# 2.6.4_rc1-love1 aka "Look at the ladybug"

## steel300

2.6.4_rc1-mm1 is a few hours old. 2.6.4_rc1-love1 is two minutes old. Enjoy!

 *Quote:*   

> 
> 
> +Latest prepatch snapshot for 2.6.4
> 
> +The latest patch from Andrew Morton
> ...

 

----------

## Koutsos

Do you ever sleep ?   :Very Happy:   Thank you !!

----------

## floam

Steel: Having that nice big list is fun, but how about a + next to stuff that's new in the future?

----------

## steel300

 *floam wrote:*   

> Steel: Having that nice big list is fun, but how about a + next to stuff that's new in the future?

 

Is that better?

----------

## floam

 *steel300 wrote:*   

> Is that better?

 Yay! Now the decision to update or skip is much easier :)

----------

## mafe

nice one  :Smile:  but.... (damn i hate buts..)

 *Quote:*   

> drivers/char/lirc/lirc_i2c.c:252: error: syntax error before "DEVICE_NAME"
> 
> drivers/char/lirc/lirc_i2c.c:252: error: `DEVICE_NAME' undeclared (first use in this function)
> 
> make[3]: *** [drivers/char/lirc/lirc_i2c.o] Error 1
> ...

 

i disabled lirc and now it compiles fine. (anyway i cant make to work lirc yet with a 2.6 kernel)

----------

## Evil Dark Archon

rsync repository and bugzilla updated.

----------

## Pink

Hurrah! I was getting a bit concerned as I hadn't compiled a new kernel for at least 48 hours  :Shocked: 

Well done Steel. I'll let you know how it goes...

[edit]

Yep, compiles everything in and runs well.

I really can't congratualte you enough Steel; you really make me think I know what I'm doing!

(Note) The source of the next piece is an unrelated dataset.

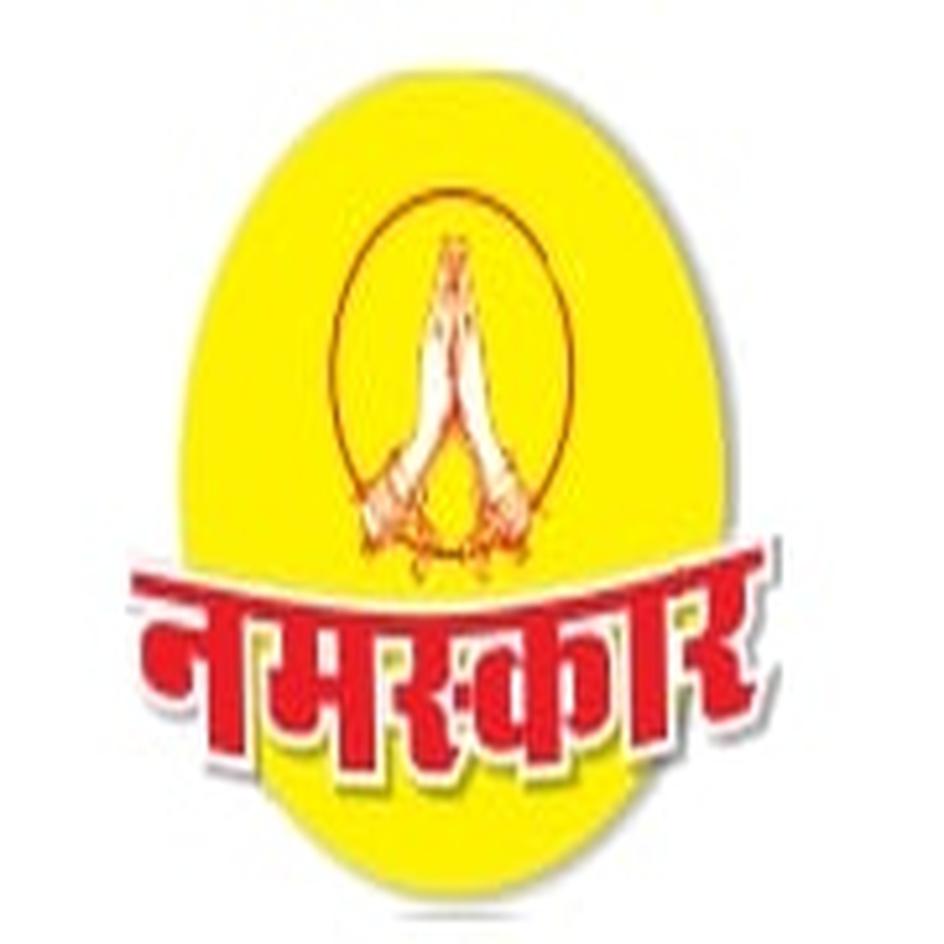 Namaskar Device mark 7206766 Trademark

[/edit]Last edited by Pink on Mon Mar 01, 2004 10:12 am; edited 1 time in total

----------

## neenee

runs like a charm here  :Wink: 

----------

## gringo

Yea, nice one !

BUT i have noticed something quite strange: my dd performance is normally about 58-60 mb/sec with other love patches and with vanilha. 

With this patchset i get about 65 mb/sec,  but after heavy disk usage, the performance stalls in around 10 mb/sec, and there is now way to increase this until reboot. Have tried different schedulers and result is the same.

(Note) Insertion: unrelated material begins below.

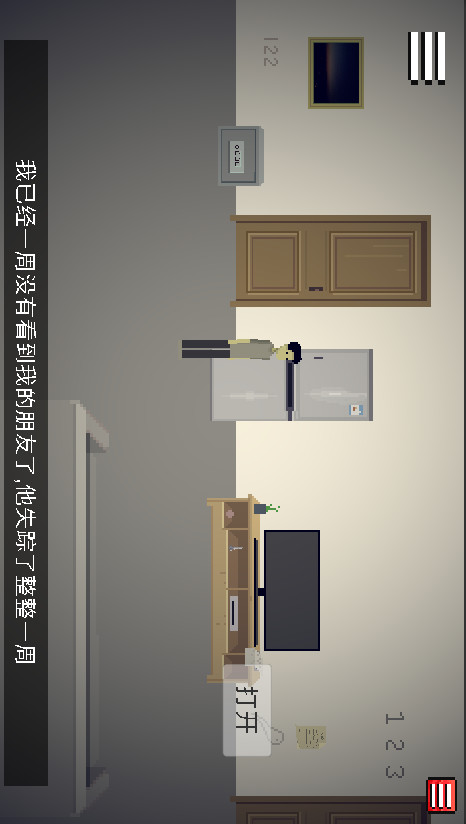 密室的脚步声破解版(mod) screenshot image 1_playmods.net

Same .config as previous love-releases. 

Any hint ?? Something related to Nicks stuff ?

thanx

----------

## ett_gramse_nap

 *steel300 wrote:*   

> 
> 
> +Autoregulated VM Swappiness
> 
> 

 

Just wondering... what's this?

----------

## discomfitor

WOOHOO!

----------

## Regor

It's working nicely for me but you forgot the vesafb refresh rate patch.

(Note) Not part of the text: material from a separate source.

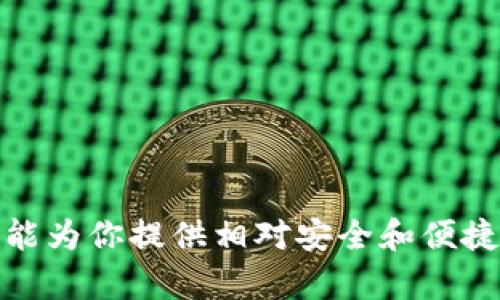   IM钱包支持狗狗币存储及交易的全面指南 / 
 guanjianci IM钱包, 狗狗币, 数字货币存储 /guanjianci 

随着数字货币的蓬勃发展，越来越多的用户开始关注如何安全地存储和交易这些虚拟资产。狗狗币（Dogecoin）作为一种受欢迎的加密货币，已经吸引了大量的投资者。在这篇文章中，我们将详细探讨IM钱包是否可以存储狗狗币，并提供对于其使用的全面指南。

### 什么是IM钱包？

IM钱包是一款支持多种数字货币的加密钱包，用户可以通过它来发送、接收以及存储不同类型的加密资产。IM钱包既可用于桌面电脑，也有移动端版本，因而提供了极大的用户便利性。根据不同的功能需求，IM钱包支持热钱包和冷钱包两种存储方式，这样用户可以根据自身的需求选择相应的存储方式以确保资产安全。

At least it's easy to install by hand  :Wink: 

----------

## _Nomad_

it's really quite amazing... everything is just running faster and faster by each release  :Very Happy: 

----------

## pestilence

How about importing the new alsa driver(1.0.3) inside the 2.6.4 release?

----------

## tdb

Is EVMS still in?

----------

## steel300

 *tdb wrote:*   

> Is EVMS still in?

 

EVMS has been picked up by mm.

----------

## tdb

Sweet. Bet your glad to not have to mess witht that headache anymore. 

Thanks for putting up with them.

----------

## spb

Doesn't build with GCC 3.4 and IO-APIC enabled.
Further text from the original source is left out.